The event, in partnership with First Methodist Church and the Open Door Church’s Jubilee, will allow the crowd to sing Christmas carols at 6:30 p.m. Tuesday in the Buskirk-Chumley Theater.

“If you’ve been to a really great concert where everyone is singing along to a song that you like it leaves you with this sort of high, and hopefully that can carry on into the rest of the year,” said Travis Quirk, who organized the singalong in partnership with 
Brandon Pfeiffer.

The singalong will also strive to raise awareness and funds for the Interfaith Winter Shelter, an organization that provides emergency shelter for the homeless community during the winter.

Pfeiffer said a donation of time is just as valuable as a monetary donation this year because the shelter needs people to help them run the organization.

“The winter shelter has been in Bloomington since 2009, and I know every year they have a need for volunteers,” Pfeiffer said. “We thought this would be a good way to kind of raise awareness for the shelter, let people know that it’s here and that it’s done a lot of good for people in our community, so even if people can’t afford to give money, they can help out by 
volunteering.”

Quirk said combining a united community and supporting the shelter is what makes the performance and its style special.

“I think it’s a great cause,” Quirk said. “It’s accomplishing two things.

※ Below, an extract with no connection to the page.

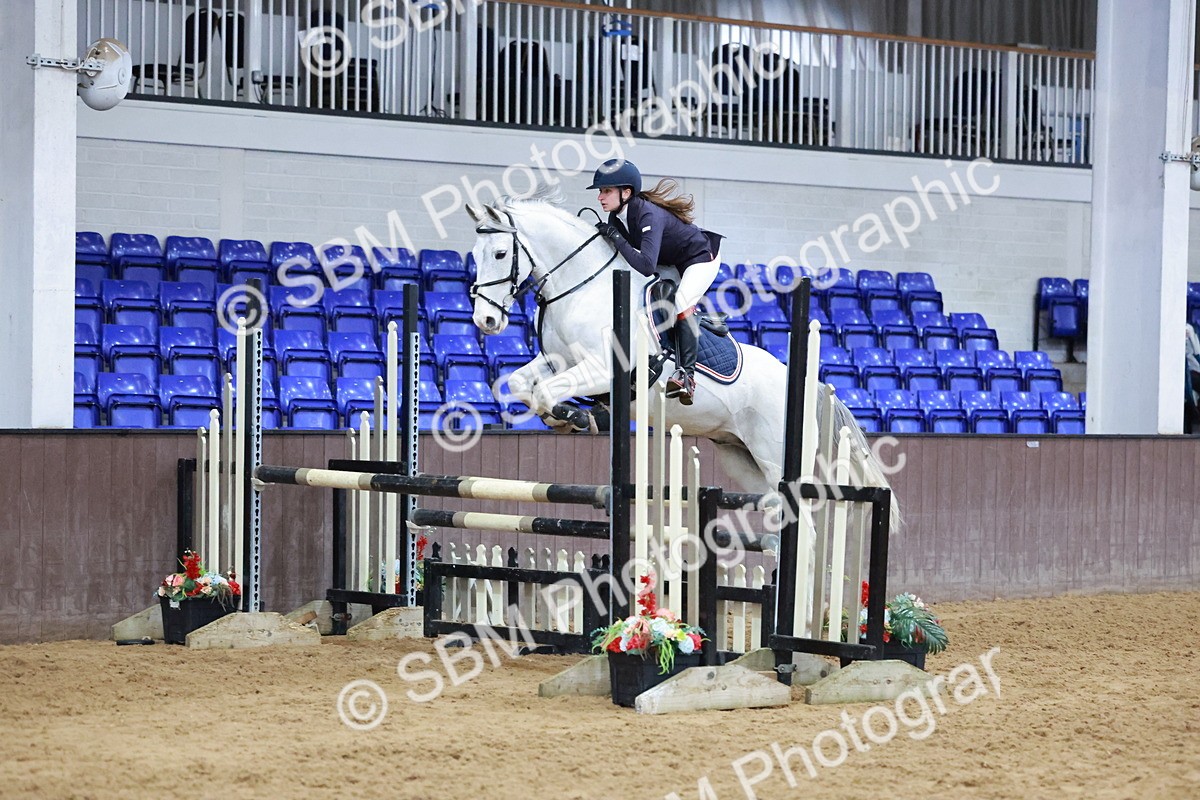 SBM_007730 - Class 24 - Nupafeed Supplements Senior Discovery/ 1m Open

One is helping to bring the Bloomington community together around the holidays and then also raising awareness for the shelter, which has done an incredible job every year.”

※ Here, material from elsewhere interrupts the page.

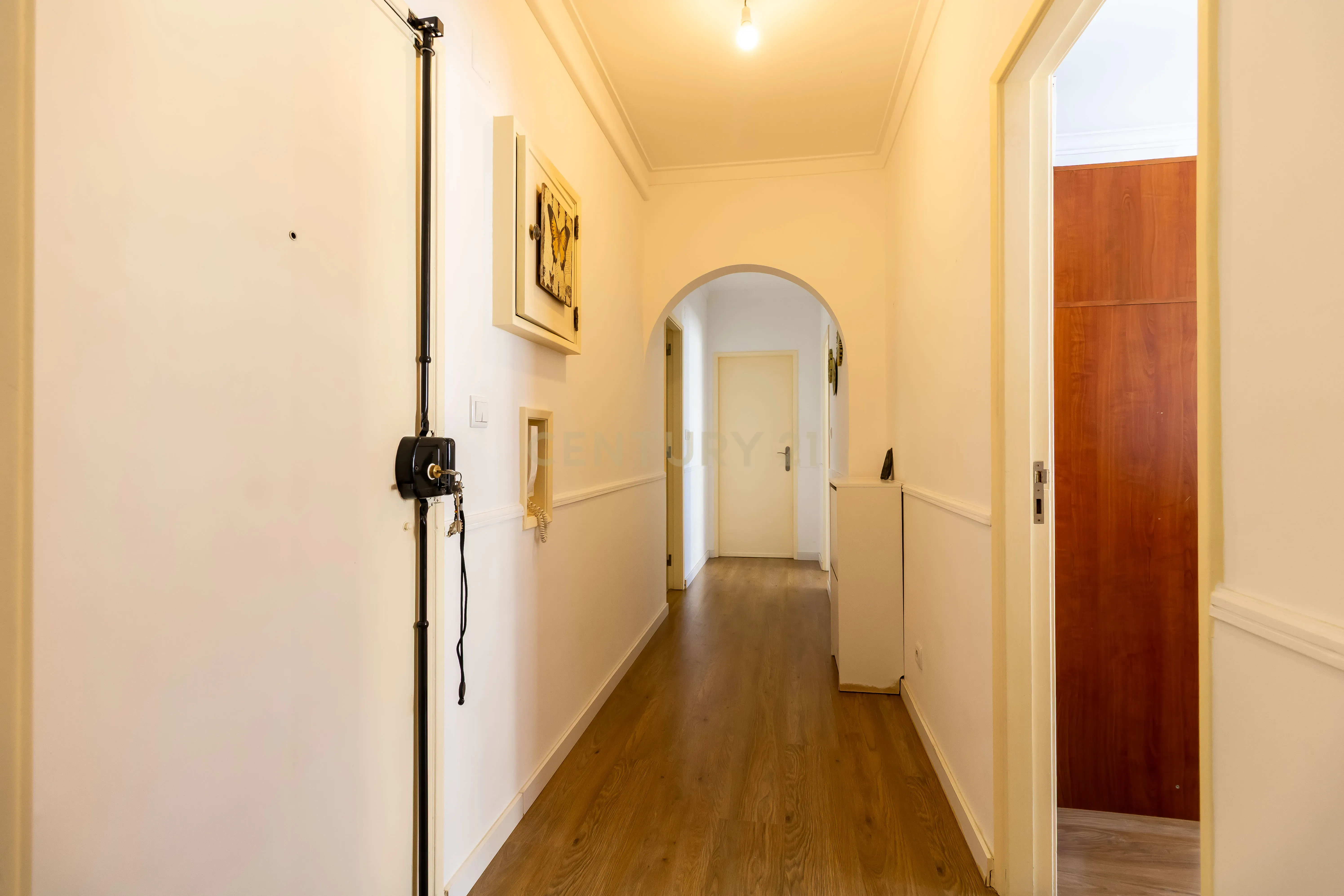 Fotografia 6 de T2 em Agualva-Cacém | 4.º andar com elevador | Excelente localização | Ideal para habitação ou investimento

The singalong is free to all who attend and is appropriate anyone of any age who enjoys singing or listening to Christmas carols.

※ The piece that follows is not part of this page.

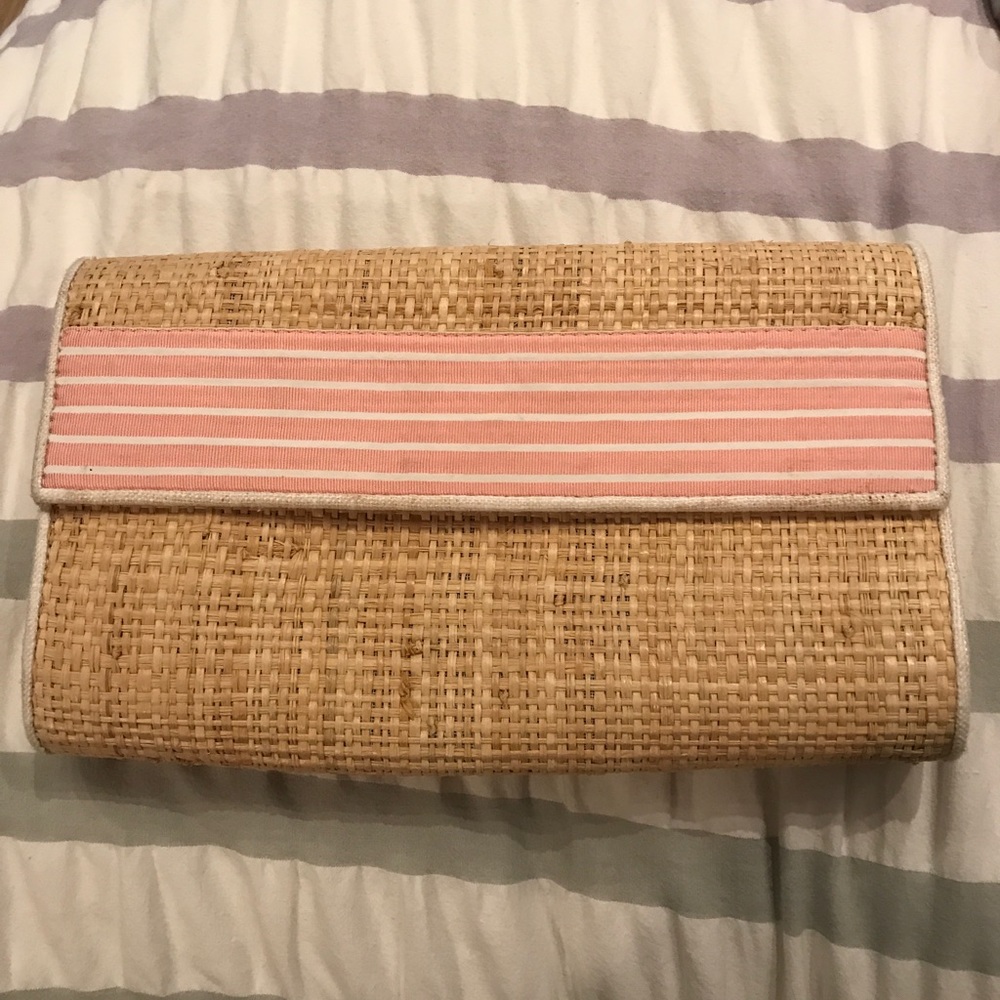 Woven clutch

IU sophomore Grace Minnick, who will lead Jubilee, said the event gives IU students the chance to work with new people for a good cause.

“The Interfaith Winter Shelter is, from a student’s perspective, a really great opportunity for students to really get to work with people who are outside of IU’s campus, people who we normally wouldn’t interact with,” Minnick said. “To be able to have this event to kind of bring the community together and promote this wonderful program is 
really neat.”

Quirk said an event like this could have a positive effect on Bloomington locals and the homeless community the singalong supports.

Pfeiffer said he hopes people will enjoy themselves and connect with the other singers and the sense of community will inspire them to give back this holiday season.

“Sometimes when you just get people in a room together singing songs together, it’s just like a feeling or fun magic that happens,” Pfeiffer said. “I think it’s kind of just a way to relax and enjoy this time of year with other people.”